On Oct 21, 2013 3:21 PM, "Phillip Hallam-Baker" <[email protected]> wrote:
>

> One of the issues that has been raised in the government world is how do
we convince people looking in that the IETF spec have not been contaminated
by some of the alleged $250 mil/yr being spent on such purposes.
>
> This is not a theoretical problem or even a new one, but it is one that
has been ignored in the past and is now going to be very much harder to
ignore.
>

I'm pretty sure I got "persuaded" into buggering some security in RFC3261
(sips: allowed to terminate at serving proxy rather than being e2e), at
least to the extent of accepting and endorsing a flawed argument that I now
believe would have made somebody's intercepts easier. Fortunately it turned
out not to matter much (as the defacto deployment was "no security" rather
than the piece I watered down), and it is now well-understood as an error.

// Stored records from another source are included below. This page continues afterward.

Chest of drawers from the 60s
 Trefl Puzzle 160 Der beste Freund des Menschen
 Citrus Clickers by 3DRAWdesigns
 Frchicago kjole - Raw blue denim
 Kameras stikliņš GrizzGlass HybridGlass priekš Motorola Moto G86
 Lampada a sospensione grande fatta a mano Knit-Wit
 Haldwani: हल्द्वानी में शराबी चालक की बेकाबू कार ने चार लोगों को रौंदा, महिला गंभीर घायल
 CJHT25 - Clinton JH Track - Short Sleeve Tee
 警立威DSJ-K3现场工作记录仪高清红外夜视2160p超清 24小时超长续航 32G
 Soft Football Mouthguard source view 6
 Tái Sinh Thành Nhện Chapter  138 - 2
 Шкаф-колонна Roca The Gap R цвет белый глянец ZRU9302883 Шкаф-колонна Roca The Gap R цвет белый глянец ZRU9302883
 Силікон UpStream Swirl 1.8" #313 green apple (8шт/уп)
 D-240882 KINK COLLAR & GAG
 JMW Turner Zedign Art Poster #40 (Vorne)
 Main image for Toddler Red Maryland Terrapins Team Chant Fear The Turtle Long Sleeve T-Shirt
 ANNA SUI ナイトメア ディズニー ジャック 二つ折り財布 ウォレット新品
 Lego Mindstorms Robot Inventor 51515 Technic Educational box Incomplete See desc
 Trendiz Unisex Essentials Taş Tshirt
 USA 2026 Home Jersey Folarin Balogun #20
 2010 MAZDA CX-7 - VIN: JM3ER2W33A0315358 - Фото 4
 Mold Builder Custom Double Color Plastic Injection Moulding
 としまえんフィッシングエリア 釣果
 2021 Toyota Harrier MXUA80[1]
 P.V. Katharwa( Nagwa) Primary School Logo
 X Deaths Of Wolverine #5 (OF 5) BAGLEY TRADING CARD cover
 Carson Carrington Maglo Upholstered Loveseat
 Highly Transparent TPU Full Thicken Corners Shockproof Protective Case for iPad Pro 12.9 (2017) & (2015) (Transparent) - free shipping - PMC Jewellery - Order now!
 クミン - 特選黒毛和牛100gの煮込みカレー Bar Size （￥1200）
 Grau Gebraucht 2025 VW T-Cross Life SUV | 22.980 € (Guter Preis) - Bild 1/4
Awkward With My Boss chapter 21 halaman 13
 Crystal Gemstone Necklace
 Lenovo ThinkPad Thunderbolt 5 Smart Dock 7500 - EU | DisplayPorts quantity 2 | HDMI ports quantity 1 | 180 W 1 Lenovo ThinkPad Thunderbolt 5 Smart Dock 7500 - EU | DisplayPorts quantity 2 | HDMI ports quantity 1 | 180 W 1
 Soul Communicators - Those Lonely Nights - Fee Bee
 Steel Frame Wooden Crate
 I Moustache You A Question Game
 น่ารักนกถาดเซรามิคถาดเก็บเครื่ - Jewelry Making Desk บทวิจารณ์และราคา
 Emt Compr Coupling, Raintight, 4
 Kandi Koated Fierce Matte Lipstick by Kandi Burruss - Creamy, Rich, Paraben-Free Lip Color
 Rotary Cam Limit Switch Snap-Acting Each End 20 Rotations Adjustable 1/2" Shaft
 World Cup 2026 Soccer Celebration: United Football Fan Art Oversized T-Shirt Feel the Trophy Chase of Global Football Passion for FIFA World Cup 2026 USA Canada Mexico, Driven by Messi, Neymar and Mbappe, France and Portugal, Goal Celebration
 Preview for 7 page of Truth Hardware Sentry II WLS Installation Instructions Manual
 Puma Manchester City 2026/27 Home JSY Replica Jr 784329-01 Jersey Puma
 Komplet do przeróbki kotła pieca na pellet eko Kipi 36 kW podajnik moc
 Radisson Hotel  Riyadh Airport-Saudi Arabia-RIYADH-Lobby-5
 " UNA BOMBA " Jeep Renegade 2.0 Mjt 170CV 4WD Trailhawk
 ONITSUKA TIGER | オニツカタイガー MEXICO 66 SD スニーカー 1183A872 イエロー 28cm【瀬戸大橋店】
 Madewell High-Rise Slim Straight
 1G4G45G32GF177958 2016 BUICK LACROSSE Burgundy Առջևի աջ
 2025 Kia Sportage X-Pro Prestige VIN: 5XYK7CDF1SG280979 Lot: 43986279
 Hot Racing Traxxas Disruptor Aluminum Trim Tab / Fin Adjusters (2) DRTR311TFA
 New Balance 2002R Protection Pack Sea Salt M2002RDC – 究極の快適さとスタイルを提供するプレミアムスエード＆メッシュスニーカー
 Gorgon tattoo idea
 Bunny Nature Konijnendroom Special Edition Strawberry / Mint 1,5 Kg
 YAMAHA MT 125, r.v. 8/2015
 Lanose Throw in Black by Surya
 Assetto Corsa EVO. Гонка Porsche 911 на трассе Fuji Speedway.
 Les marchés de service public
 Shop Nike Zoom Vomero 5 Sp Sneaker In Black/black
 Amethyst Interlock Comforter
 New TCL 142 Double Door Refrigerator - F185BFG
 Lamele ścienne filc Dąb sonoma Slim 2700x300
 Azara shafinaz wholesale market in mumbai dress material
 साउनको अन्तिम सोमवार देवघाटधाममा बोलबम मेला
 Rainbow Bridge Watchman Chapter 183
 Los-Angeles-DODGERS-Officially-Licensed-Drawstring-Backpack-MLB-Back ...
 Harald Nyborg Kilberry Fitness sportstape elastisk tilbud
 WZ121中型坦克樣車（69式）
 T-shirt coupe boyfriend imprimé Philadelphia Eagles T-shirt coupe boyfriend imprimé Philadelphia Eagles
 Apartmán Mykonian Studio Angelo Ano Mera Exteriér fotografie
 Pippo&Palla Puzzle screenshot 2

So it happens. Sometimes directly, sometimes indirectly as when your
customer or client is influenced into influencing your standards work.

I didn't even realize what it was when it happened to me, and I used to
think I was pretty good at that game. Once burned, twice shy and all that.

So I believe it can and does happen. Usually subtly, but I've also heard of
much more overt instances. Fortunately hearsay is inadmissible.

But we do have to be careful, and we really need to build up a system that
anticipates and survives bad actors, even of the most deliberate sort.

We live in a glass house, and people are now looking in. Rocks will be
thrown. Wear your slippers and safety glasses.